## [Work item]
What's wanted here is the full listing below, repeated exactly, with no images in it.

## [Information supplied]
*** Begin section ***
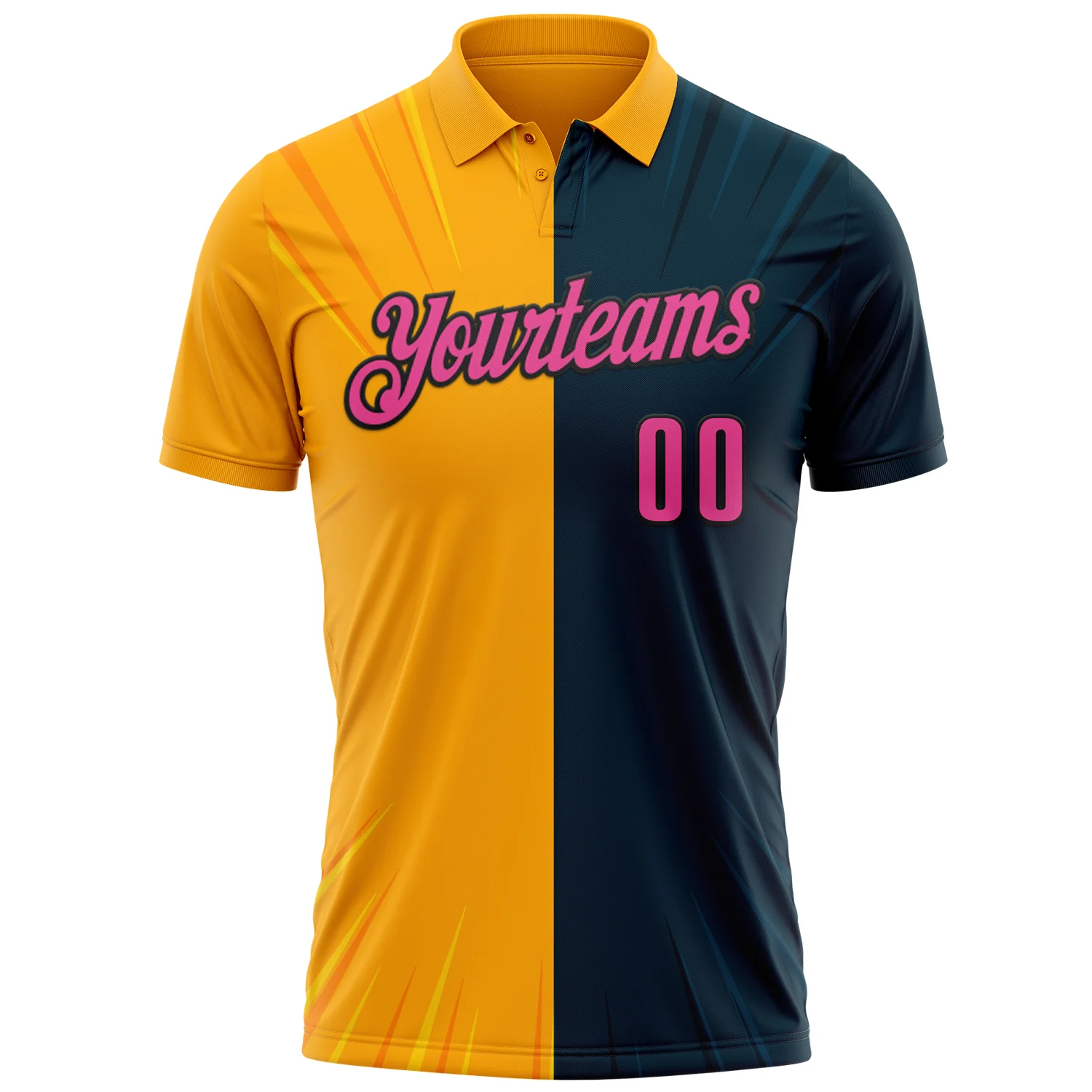 Custom Navy Pink Gold-Black 3D Bowling Performance Polo Shirt - Image 2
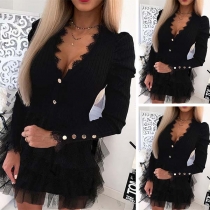 Sexy Lace Spliced V-neck Long Sleeve Gauze Hem Slim Fit Mini Short Dress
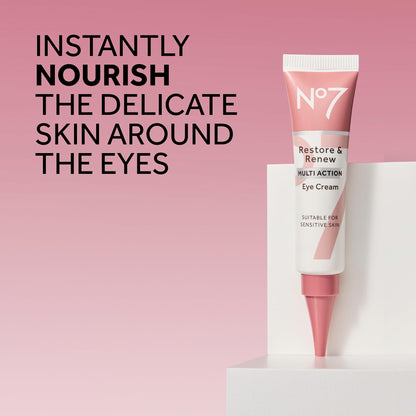 No7 Restore & Renew Multi Action Eye Cream (15ml) – Advanced Anti-Aging & Skin Renewing Treatment for Wrinkles, Dark Circles & Puffiness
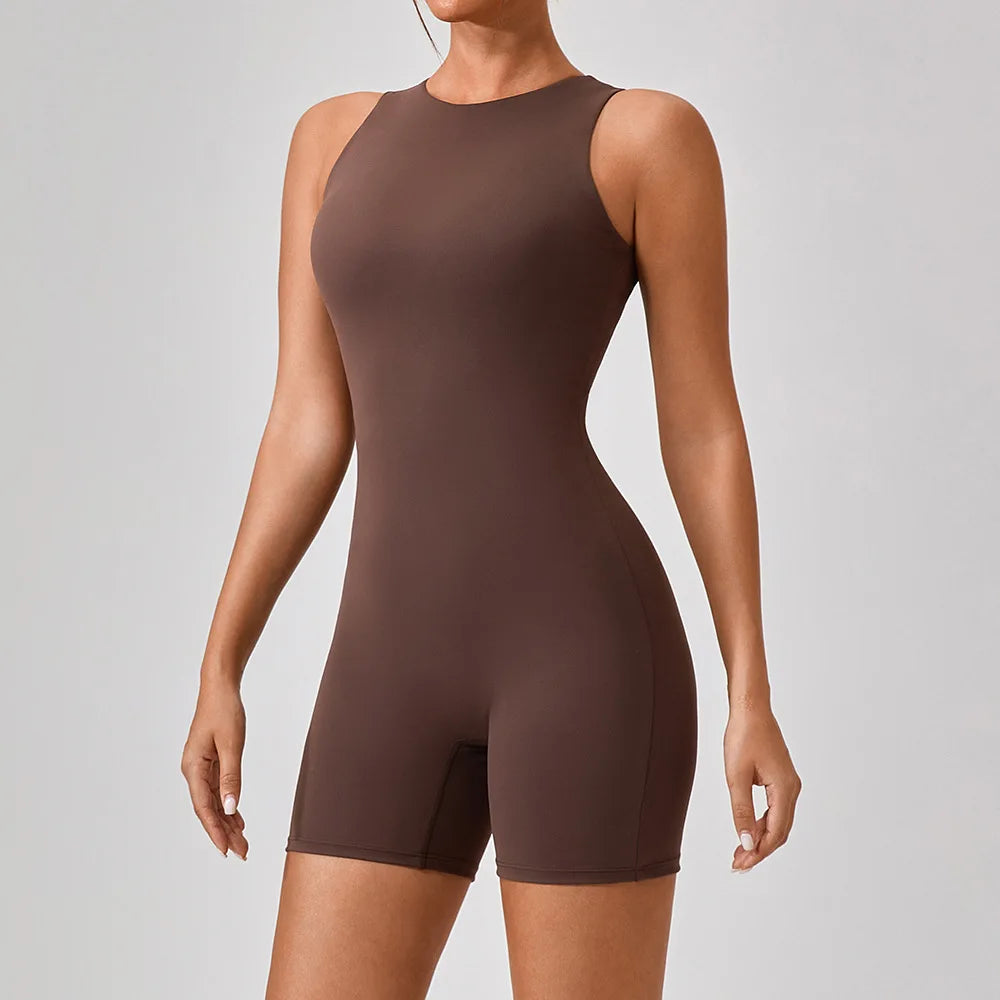 Zipper Active Romper, Hauncha Brown, Frontansicht, ärmellos, kurze Beine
*** End section ***
## [Solved problem]
 Custom Navy Pink Gold-Black 3D Bowling Performance Polo Shirt - Image 2
 Sexy Lace Spliced V-neck Long Sleeve Gauze Hem Slim Fit Mini Short Dress
 No7 Restore & Renew Multi Action Eye Cream (15ml) – Advanced Anti-Aging & Skin Renewing Treatment for Wrinkles, Dark Circles & Puffiness
 Zipper Active Romper, Hauncha Brown, Frontansicht, ärmellos, kurze Beine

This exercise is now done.